# User guide

## Pooled prevalence estimates are biased!

For all of the frequentist methods for estimating prevalence from pooled samples, p is an upwardly biased estimator of the true prevalence. The magnitude of the bias is decreased with lower prevalence (p), increased numbers of pools (m), smaller pool size (k) and increased total sample size (n). Bias also increases as the probability that all pools will test positive increases.

In general, bias is negligible for m > 30. However, even for quite small values for m and k the bias may also be quite small, particularly if p is low.
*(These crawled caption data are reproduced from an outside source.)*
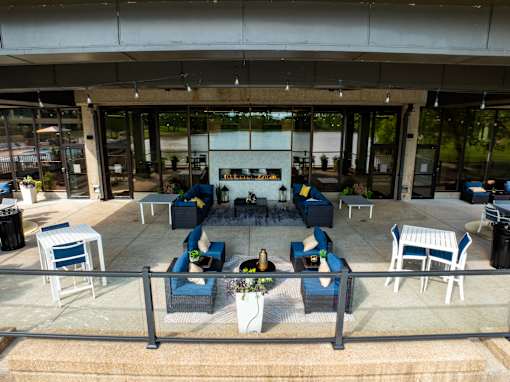 A patio with blue chairs and a table with a vase of flowers on it. at The Residences at Tesson Ridge Apartments, Saint Louis, 63128
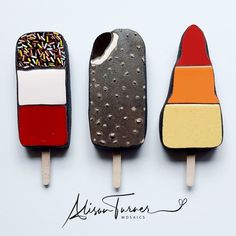 three popsicles with different colors and designs on them, one is made out of ice cream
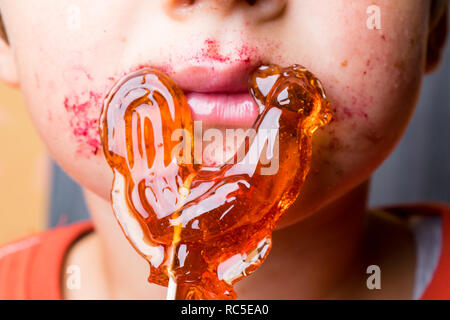 Boy saugt Lollipop, Baby isst - rot-orange Chupa Chups, Mund, rosa Lippen, Süßigkeiten in der Hand, das Gesicht halb Junge Stockfoto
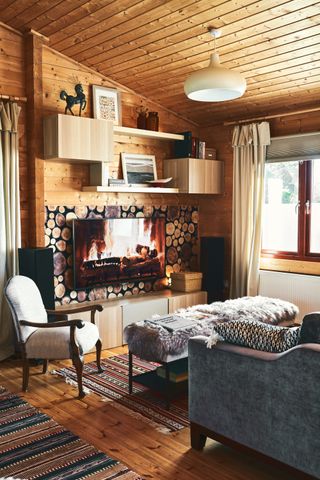 A cosy living space with fake log backdrop, sheepskin-covered footstool and second-hand furniture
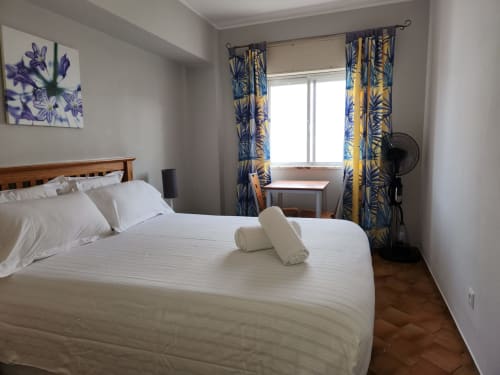 Bright double bedroom at Casa do Sol Algarve in Lagos with white bedding, blue and yellow curtains, wooden furniture, and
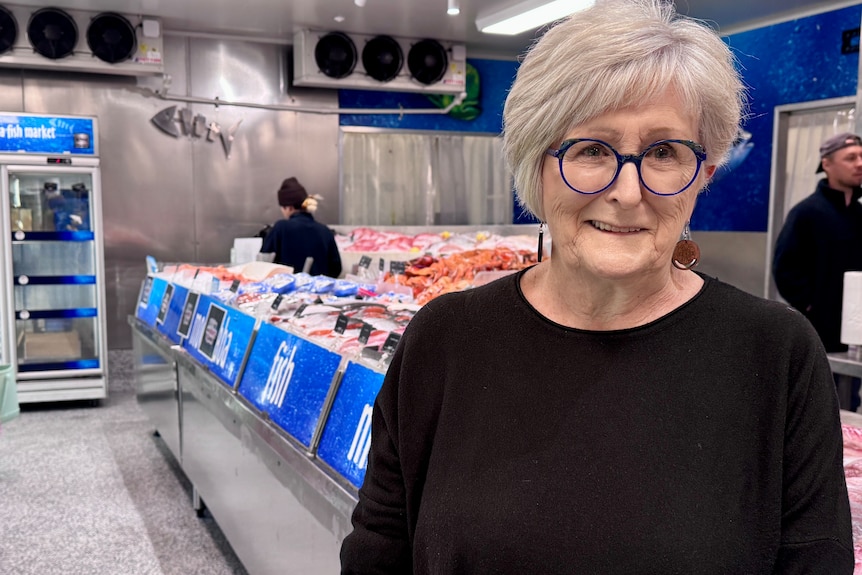 Woman in seafood shop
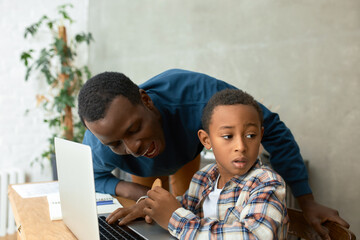 Funny picture of puzzled boy looking aside while his elder 20-years-old brother trying to bite his cookie he's holding in hand, African boy siting in front of opened laptop, studying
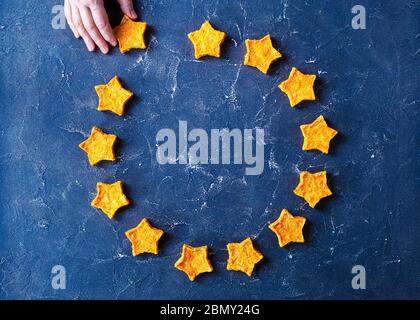 logo of the European Union of sweet Carrot Stars cookies on a blue concrete table, woman hand takes away one cookie, Brexit symbol, horizontal view fr Stock Photo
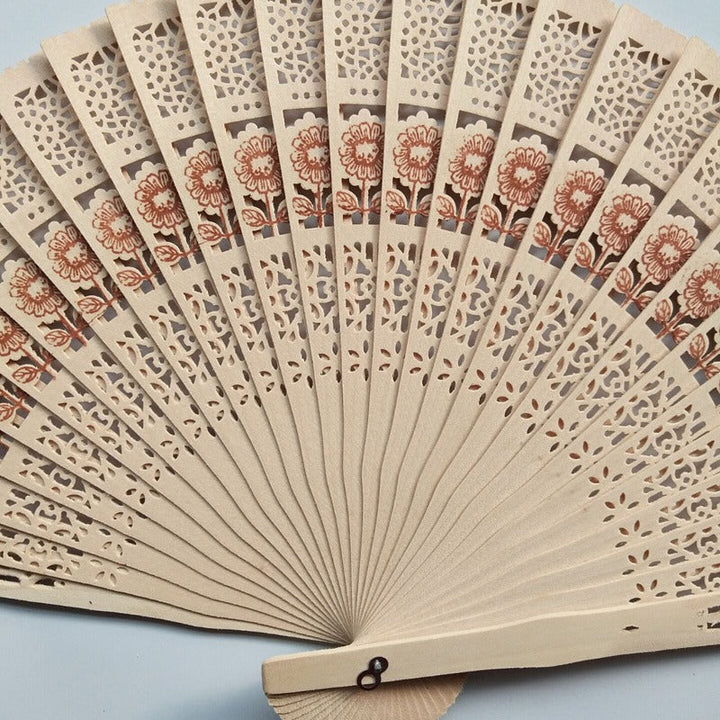 Ladies decorative hand fan made of high-quality wood with intricate cut-out work Kalsten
The estimated prevalence (p) is also sensitive to (and may be biased by) errors in the assumptions of perfect test sensitivity or specificity. p is particularly sensitive to errors in sensitivity as p increases and if k is too large. Clustering or overdispersion of positive individuals in the sampled population can also result in substantial bias in prevalence estimates.
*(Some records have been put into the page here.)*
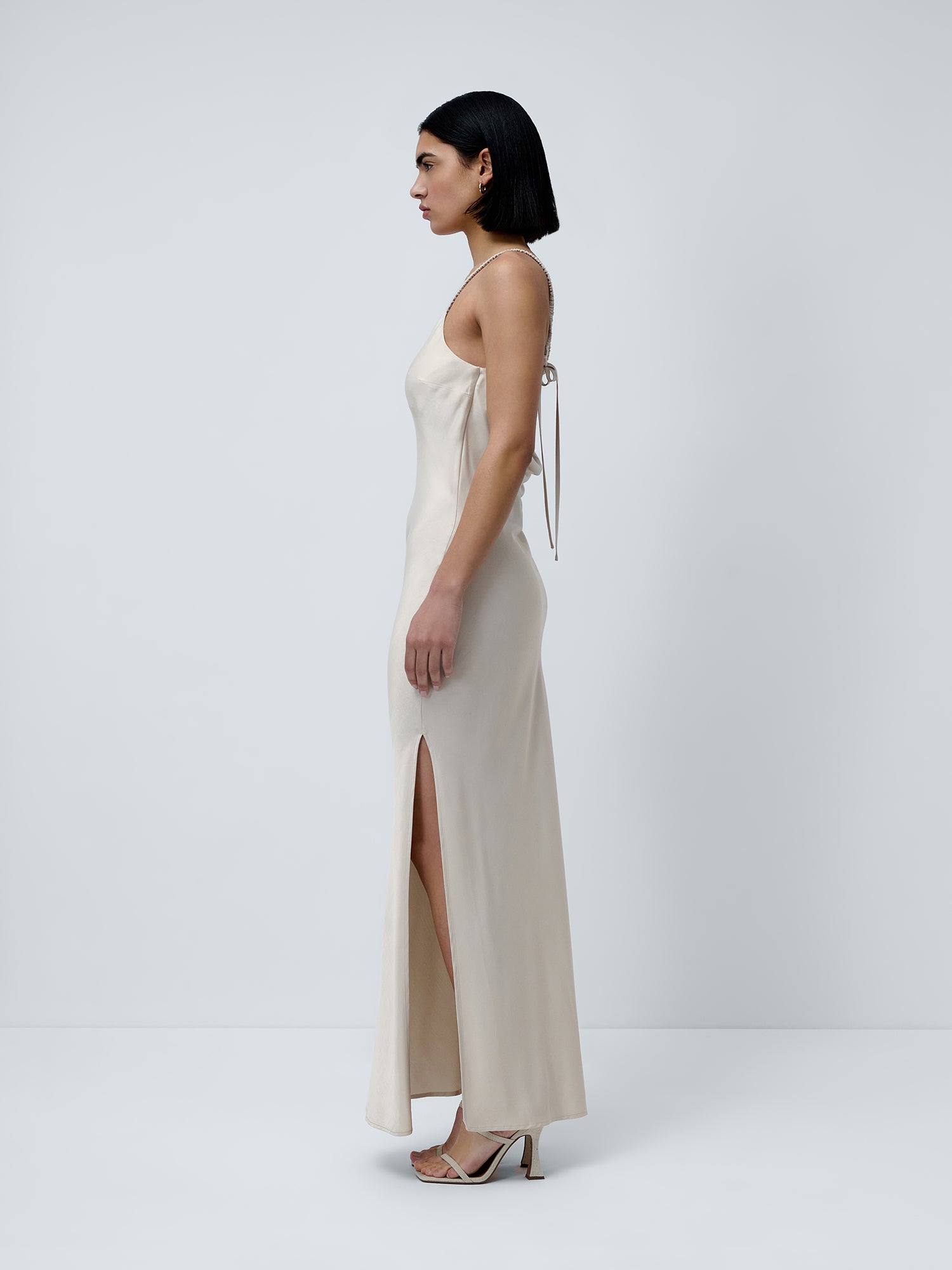 Eine Frau mit glattem, dunklem Haar, die seitlich vor einem schlichten weißen Hintergrund steht, trägt das „Antonie“-Kleid von LeGer by Lena Gercke – ein beiges Maxikleid mit geradem Ausschnitt, schmalen Trägern und einem Seitenschlitz. Sie rundet den Look mit Sandaletten ab.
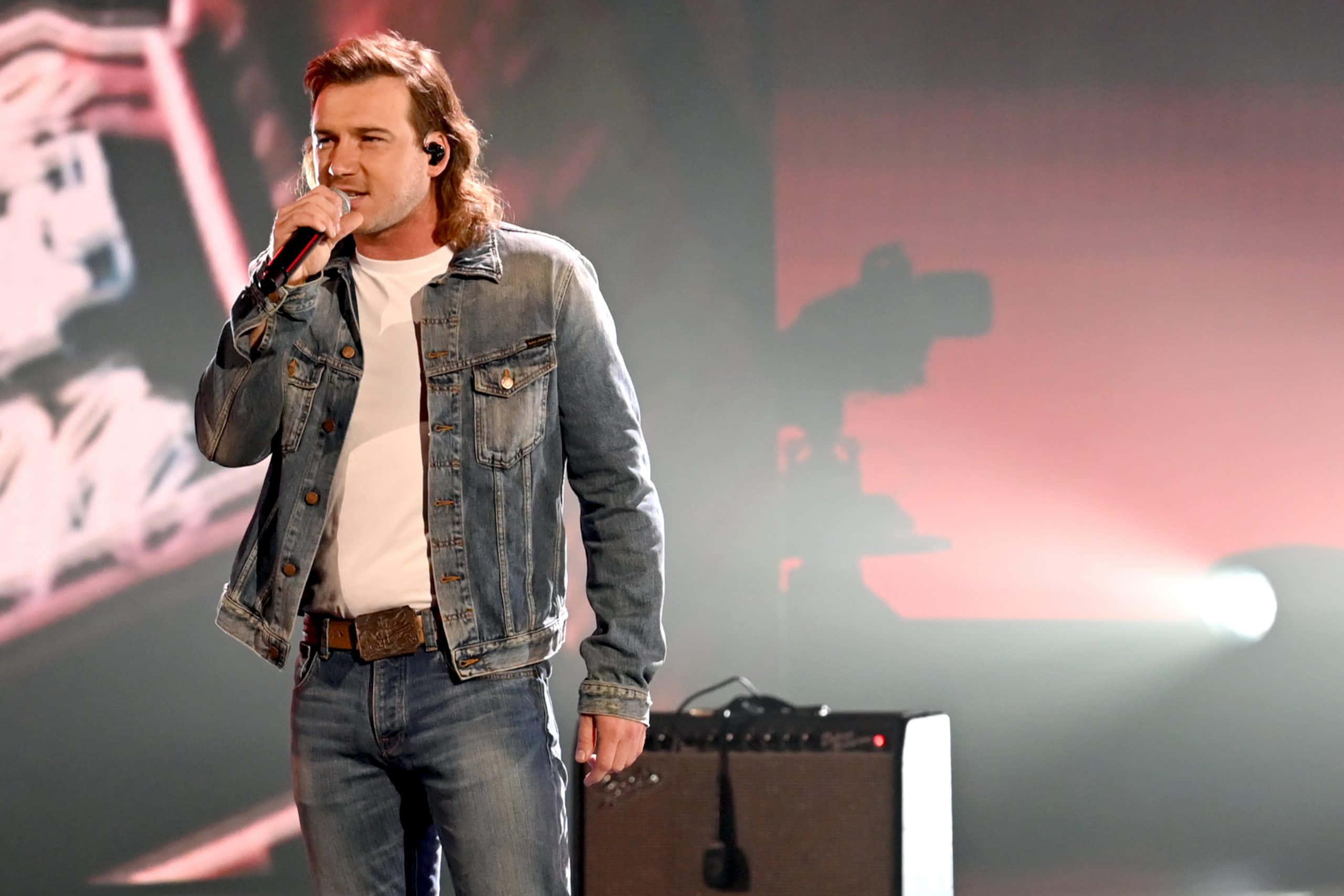 a man in a denim jacket singing into a microphone — 2560x1707 wallpaper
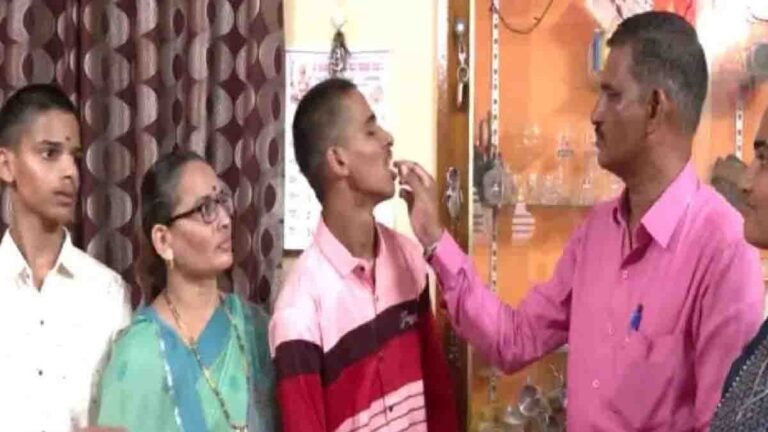 SSLC Results- Abhishek, a student from Bagalkote, smiles with his parents after failing in all six SSLC subjects and receiving their support with a cake celebration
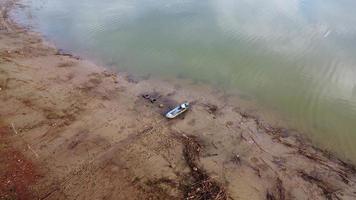 viejo barco de madera en la orilla del río entre los desechos de ramitas con ríos tranquilos. video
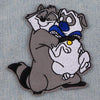 An embroidered patch featuring a stylized cat dragon design with gray, white, and blue elements.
The actual bias in any estimate depends on the true prevalence, pool size and the number of pools and can be estimated for any particular pooling strategy using simulation methods. Simulation utilities are provided for both fixed and variable pool-size strategies to assist in evaluating the potential bias in proposed pooling strategies.

Bias can be minimised by ensuring an adequate total sample size, by testing a larger number of pools of smaller size, rather than vice versa or by testing several individual samples in addition to the pooled samples (using the variable pool size method).